Passés les enlèvements et les opérations de harcèlement des positions militaires camerounaises au front, les assaillants poussent à une guerre totale, avec objectifs politique et territoriale. Le principal signe de la visée est la présence d’un drapeau ennemi en sol camerounais, hissé le 28 décembre non loin d’Amchide. L’autre indicateur de la logique de progression et d’occupation territoriale des assaillants c’est la pose des mines antipersonnelles. Pour le commandement militaire, c’est la grande inconnue de cette guerre imposée aux forces camerounaises.

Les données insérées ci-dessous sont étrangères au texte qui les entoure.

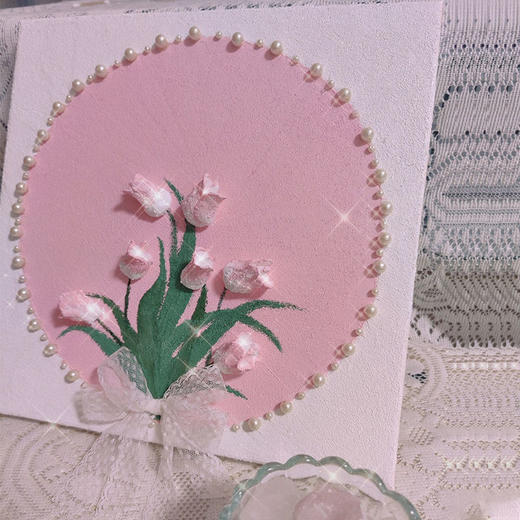 3D立体肌理画郁金香珍珠填充丙烯石英砂数字油画diy手工油彩挂画 商品图2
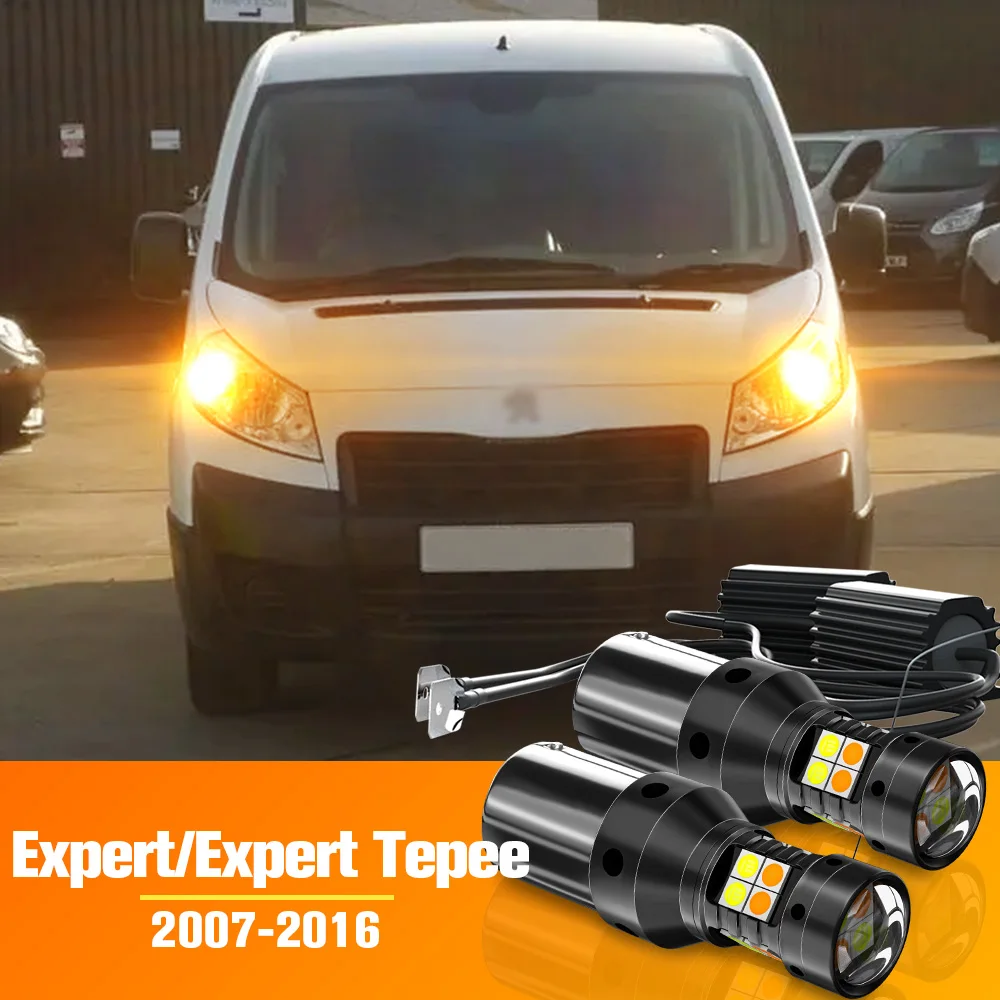 

2 шт. двухрежимный светодиодный указатель поворота + дневные ходовые огни, аксессуары для DRL для Peugeot Expert Tepee 2007-2016 2010 2011 2012 2013 2014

Les assaillants rendent périlleux tout mouvement militaire au sol, tout renfort de troupes, le ravitaillement et les apports logistiques. Il reste l’appui aérien que les forces au combat appellent de tous leurs voeux. Hier mardi, un responsable militaire assurait que des moyens aériens importants allaient être déployés bientôt. La fissure sécuritaire septentrionale a relégué au second plan la menace qui vient de la frontière-est. Les rebus de la crise centrafricaine, les bandes armées incontrôlées ou encore les fidèles de plusieurs soustraitants rebelles dont le groupe d’Abdoulaye Miskine libéré récemment par Yaoundé en échange de plusieurs otages, continuent de surgir au gré des calculs politico-militaires.

Bien sûr, sans objectifs militaires sur le Cameroun. Au Nord comme à l’Est, les militaires camerounais ont l’expérience et le courage qu’il faut pour gagner. En plus, le soutien populaire est acquis, surtout dans la vérité des faits d’arme. Restent les moyens à mobiliser pour la victoire sur tous les fronts.